[Short web captions]

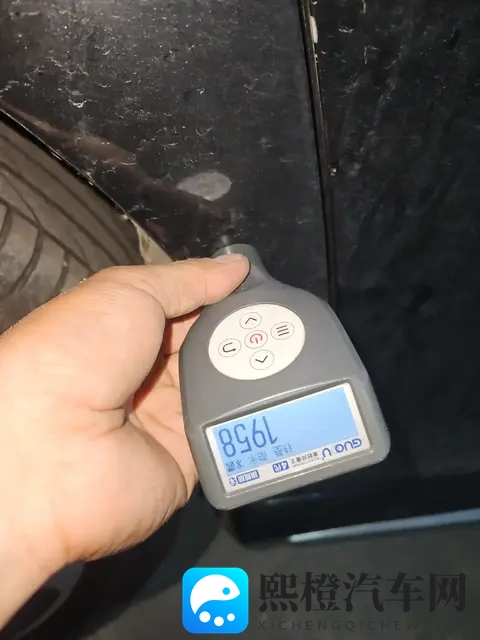 15万多拿下行政级座驾,18年一手奔驰E级香不香?-3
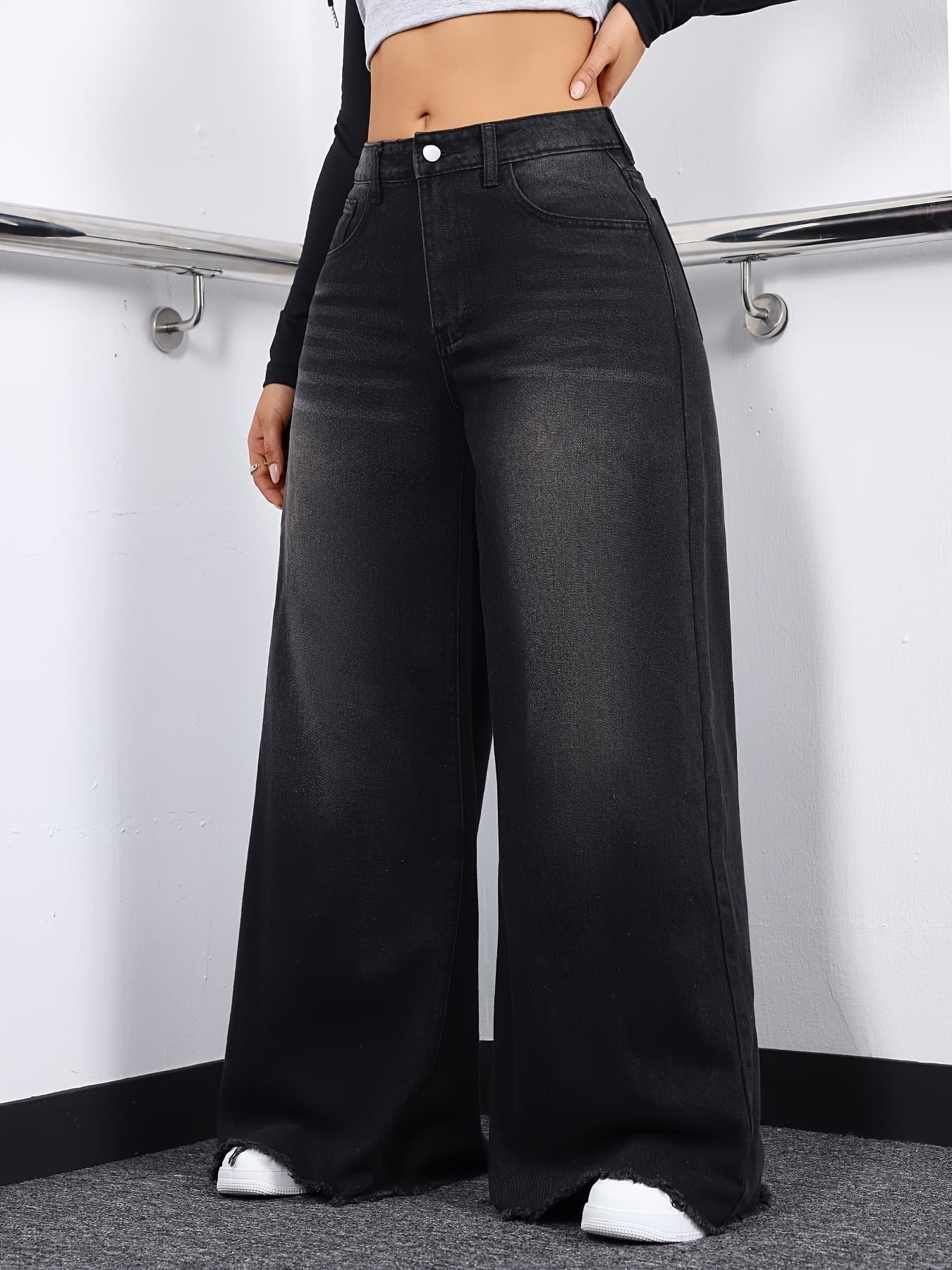Yiwu Houzhou Clothing Co., Ltd.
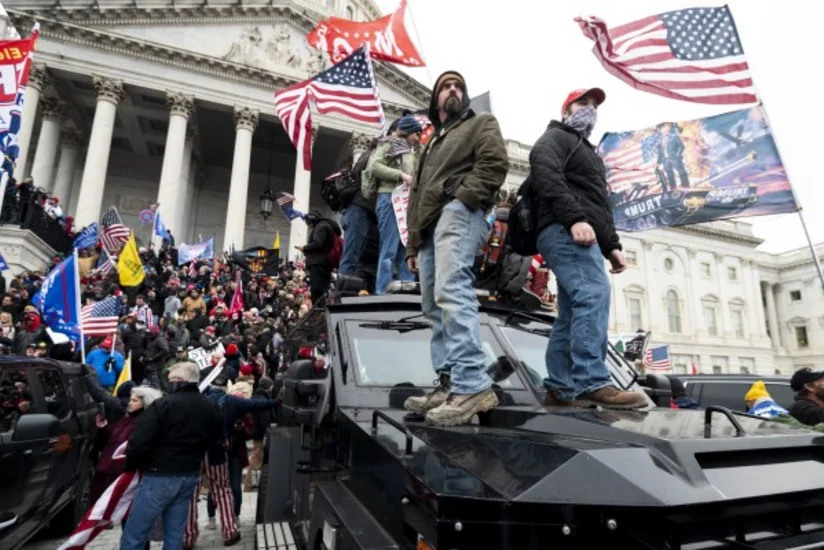 Трамп намерен помиловать участников штурма Капитолия в январе 2021 года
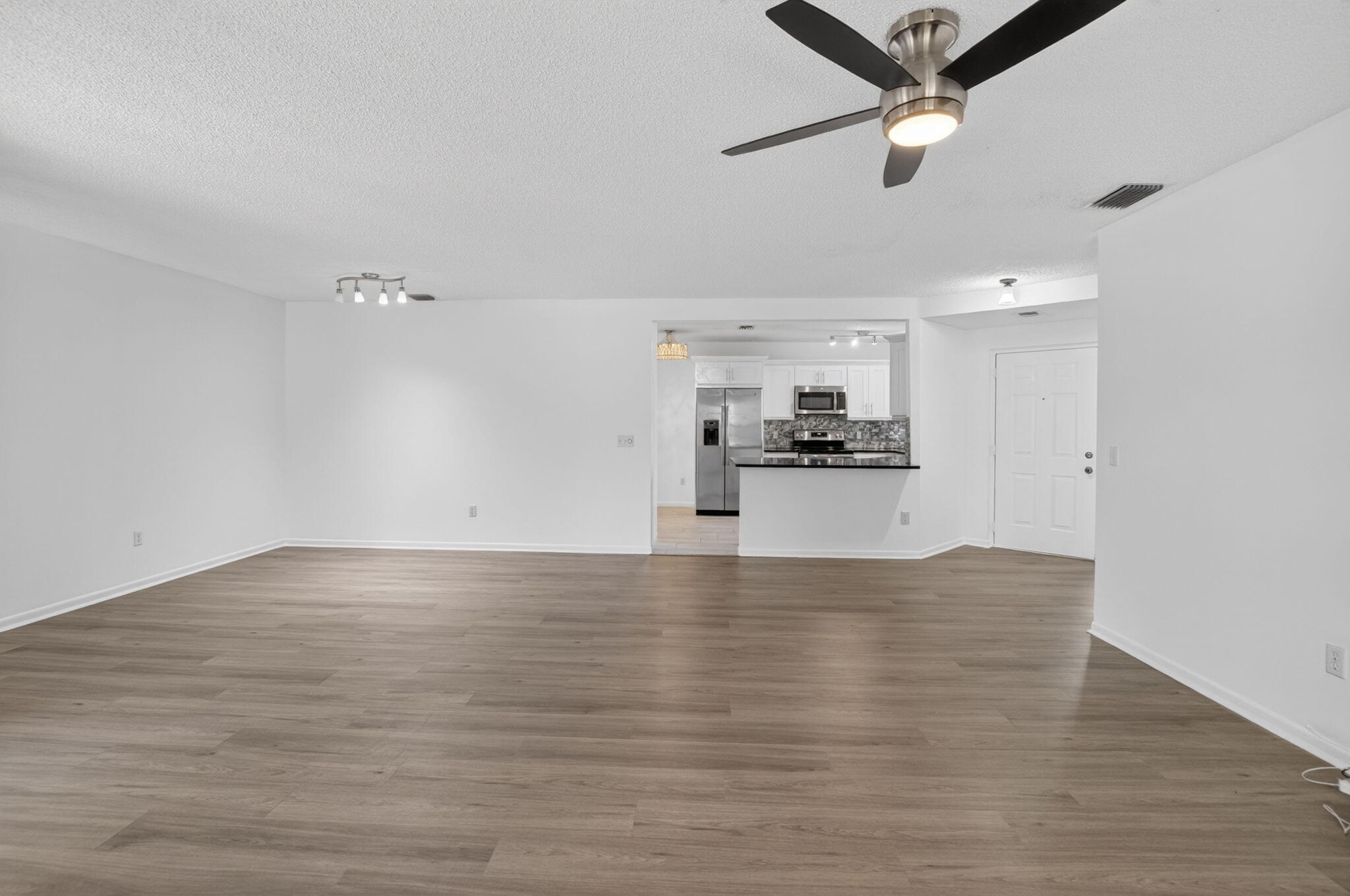 5259 Europa Drive D — photo 8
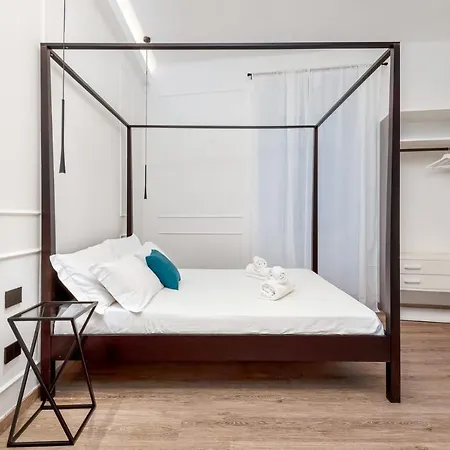 Nelli - Via Biassa Penzion 4*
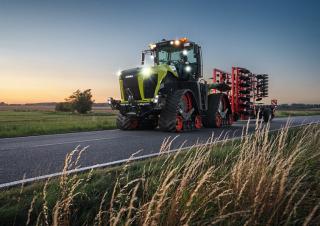Гусеничні трактори Claas Xerion 4500 Trac TS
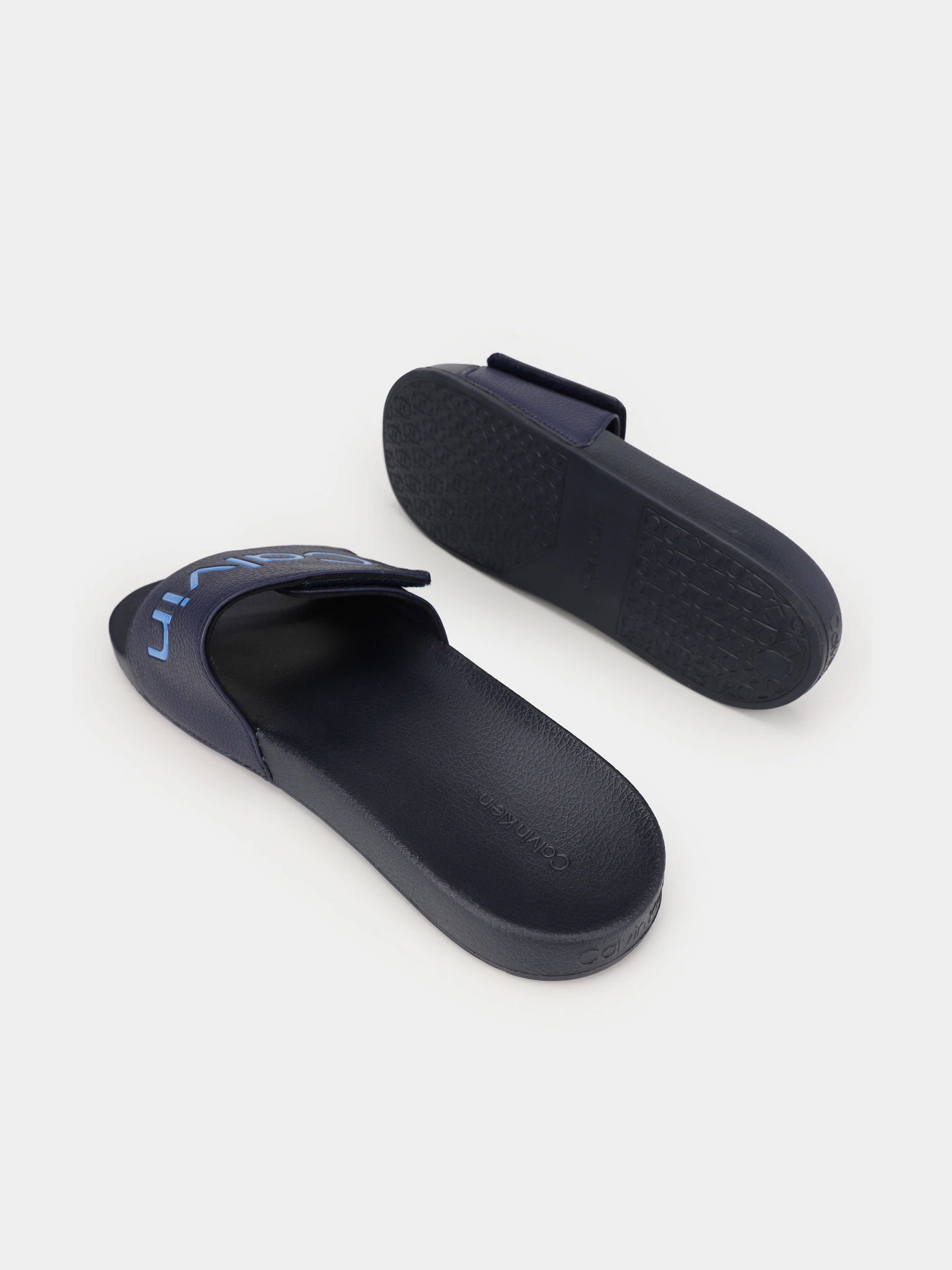 Шльопанці Calvin Klein Adj Pool Slide Pu модель HM0HM00957-DW4 Шльопанці Calvin Klein Adj Pool Slide Pu модель HM0HM00957-DW4 Фото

# Work instructions
The required answer is the lines from the one that contains "Трамп намерен помиловать" through the last line of the records, restated word for word, with every picture dropped.

# Response box
 Трамп намерен помиловать участников штурма Капитолия в январе 2021 года
 5259 Europa Drive D — photo 8
 Nelli - Via Biassa Penzion 4*
Гусеничні трактори Claas Xerion 4500 Trac TS
 Шльопанці Calvin Klein Adj Pool Slide Pu модель HM0HM00957-DW4 Шльопанці Calvin Klein Adj Pool Slide Pu модель HM0HM00957-DW4 Фото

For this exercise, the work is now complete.